The present invention relates generally to the field of computer systems and more particularly to the field of text to XML (extensible Markup Language) transformers and methods.

BACKGROUND OF THE INVENTION

XML (extensible Markup Language) has quickly become the standard for transferring business data between suppliers and customers and even within a company. XML is a subset of SGML (Standard Generalized Markup Language). Many legacy systems have outputs or require inputs that are text either structured text or semi-structured text. In order for these legacy system to share information with new XML based information systems it is necessary to convert the text output to XML. The traditional way companies solve this problem is to have their IT (Information Technology) group write a specific program to handle each situation. This means that the company now has to support these individualized programs for years to come. If the software programmer leaves the company, it can be difficult to discern why the program is no longer working. In addition, this solution is expensive and slow.

Thus there exists a need for a system that is capable of converting text to XML, that provides a general format that is easy to use, allows the programmer to inexpensively develop a transformer and can quickly generate the required transformer.

SUMMARY OF INVENTION

A text to XML transformer that overcomes these and other problems has a transformer program having a number of executable statements. A processor executes the transformer program and converts the input text document into an XML document. The XML document does not contain every element that was in the input text. In one embodiment, the text document is a structured text document. In another embodiment, the text document is a semi-structured text document. In another embodiment, the input text document has at least two formats.

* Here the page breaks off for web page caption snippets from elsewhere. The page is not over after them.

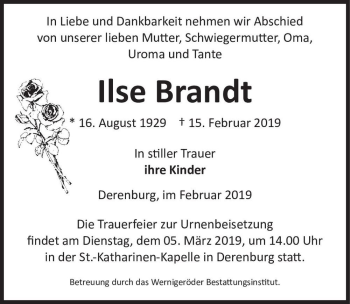 Traueranzeige von Ilse Brandt  von Magdeburger Volksstimme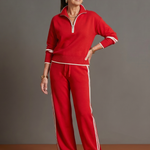 Della | Zip Neck Long Sleeve Side Stripe Leg Pants Set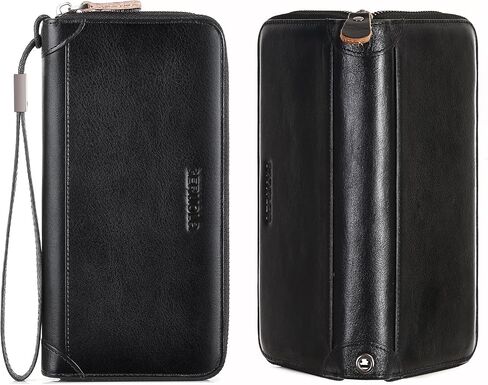 Men's Genuine Leather Zipper Wallet with RFID Blocking, Phone Pocket，Long Zipper Pouch Wallet (Brown) in Saudi Arabia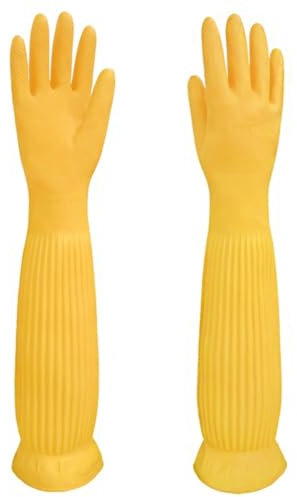 YONG-SHENG Gants en caoutchouc pour laver la vaisselle en cuisine, imperméables et résistants à l'huile, adaptés pour le nettoyage de la cuisine, le lavage des vêtements, le nettoyage de la maison, 55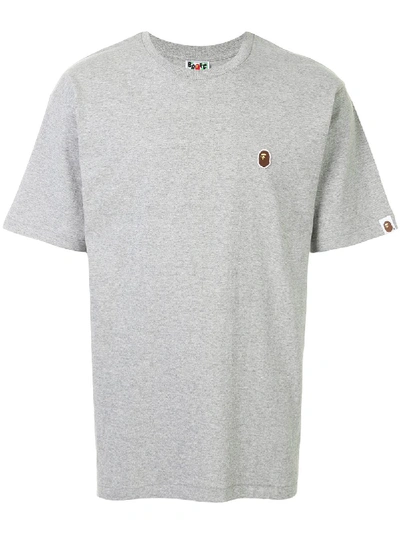 Shop Bape Ape Head One Point T-shirt In Grey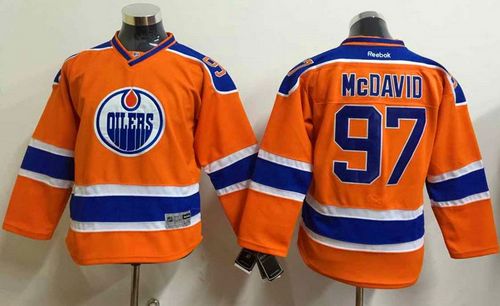 Oilers #97 Connor McDavid Orange Stitched Youth NHL Jersey
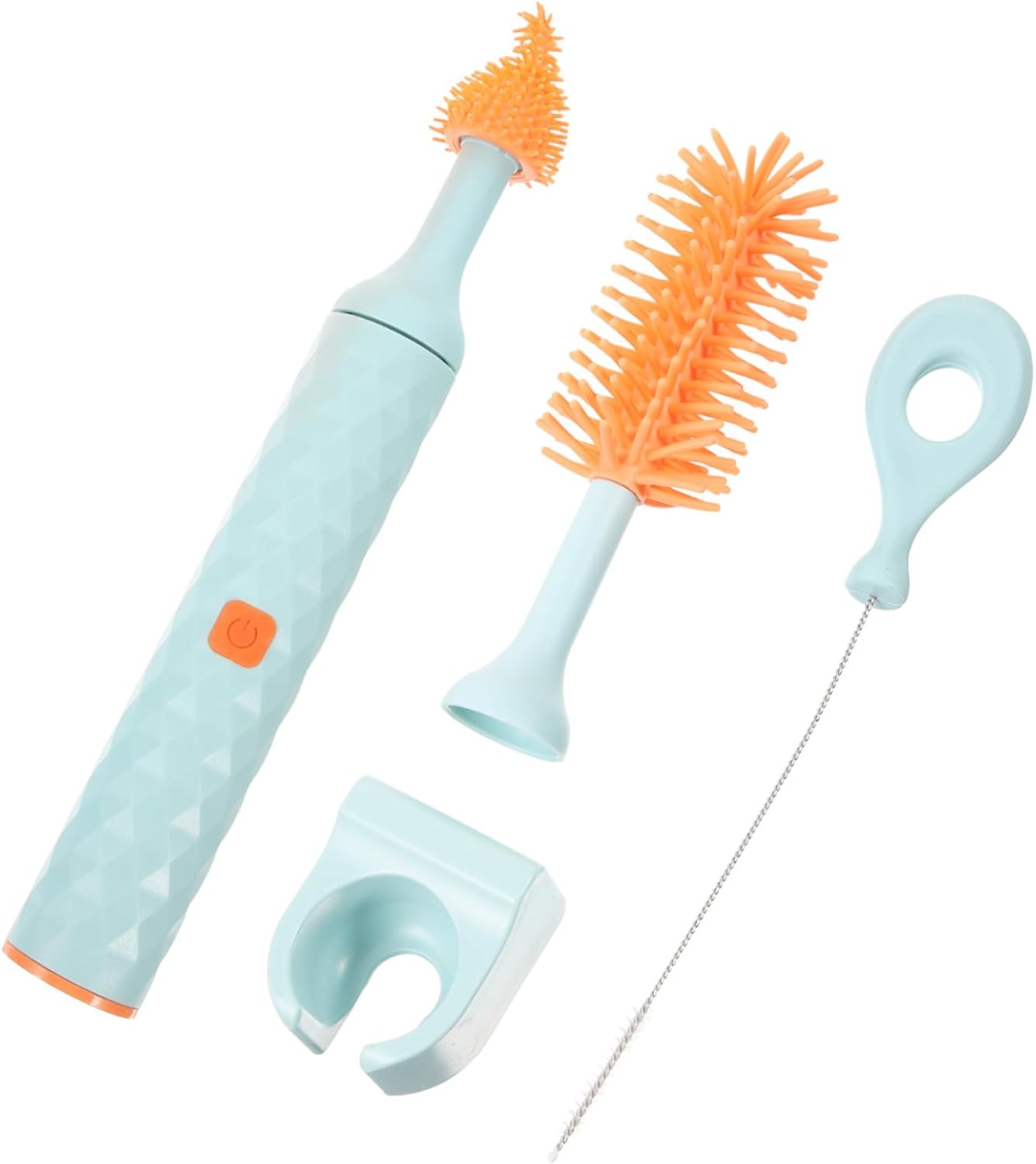 Electric Bottle Brush Blue Silicone Rotatable Detachable Cleaning Tool for Bottles Cup Glassware Safe and Efficient Cleaning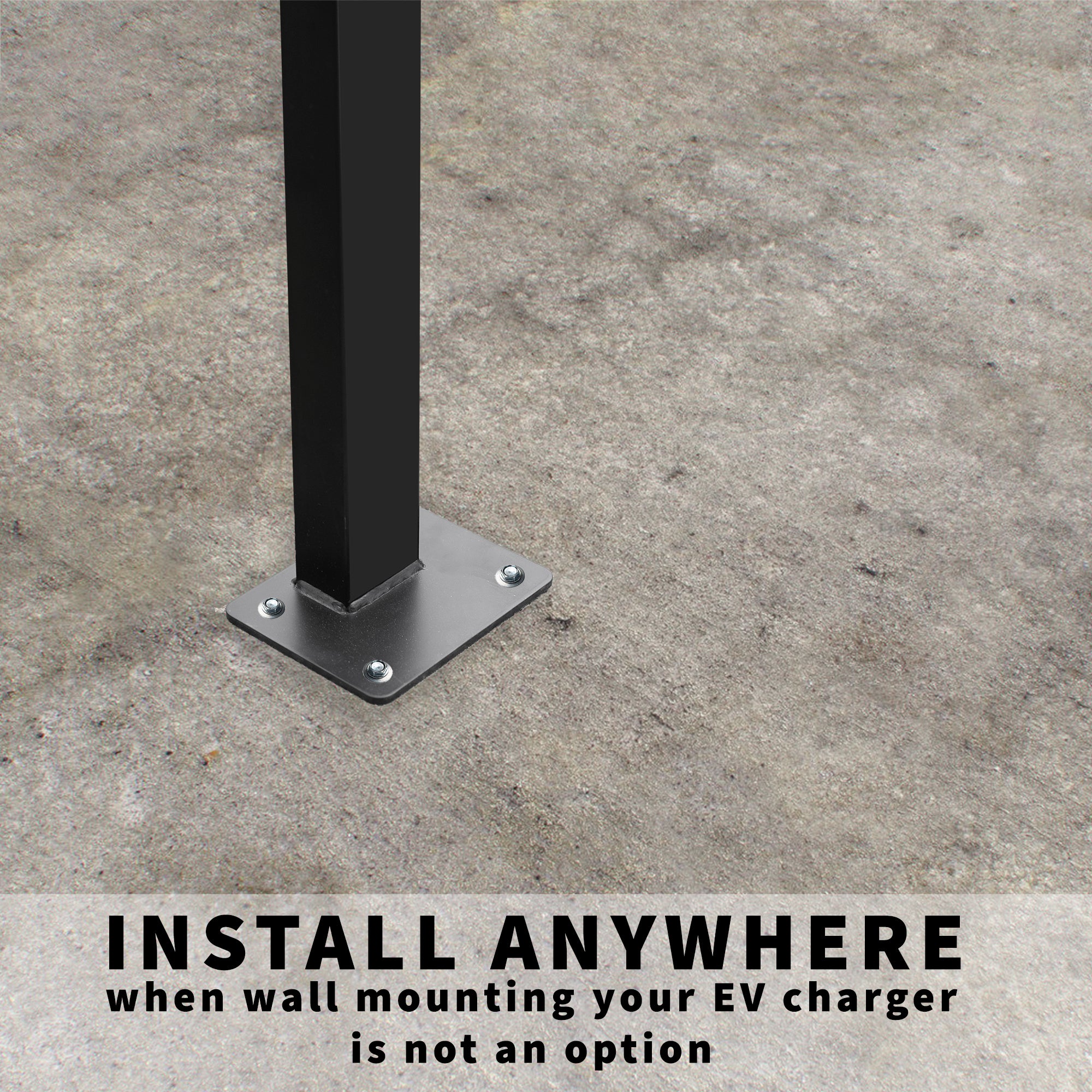 Charging stations can be installed on any surface including concrete.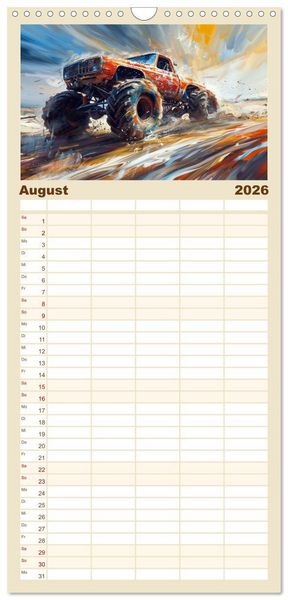 Produktbild: Familienplaner 2026 - Wilde Monstertrucks mit 5 Spalten (Wandkalender, 21 x 45 cm) CALVENDO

In one embodiment, the text to XML commands include a field separator command that defines a field separator in the text document. In one aspect of the invention, the field separator is a comma. In another aspect of the invention, the field separator is a regular expression. The text to XML commands may include a match command that requires a field in the input text document to match a character string or a record is skipped. In one embodiment, the text to XML commands include a tree hierarchy command.

In one embodiment, the input text document is a streaming text. In another embodiment, the XML document is a streaming XML.

In another embodiment, a wizard has a number of queries that are used to defined the transformer program.

In one embodiment, the input text document is from a legacy system and an output is to an XML system.

In one embodiment, the process for converting text to XML includes the steps of defining a transformer program having a number of executable statements. One of the executable statements contains a command that matches a regular expression and takes an action. A text stream is received by the transformer program. The transformer program is executed to convert the text stream into an XML stream. In one embodiment, a text to XML wizard is selected. In one embodiment a field separator command is selected that defines a field separator in the text stream. The field separator may be defined as a regular expression. In one embodiment, the text stream has two or more formats.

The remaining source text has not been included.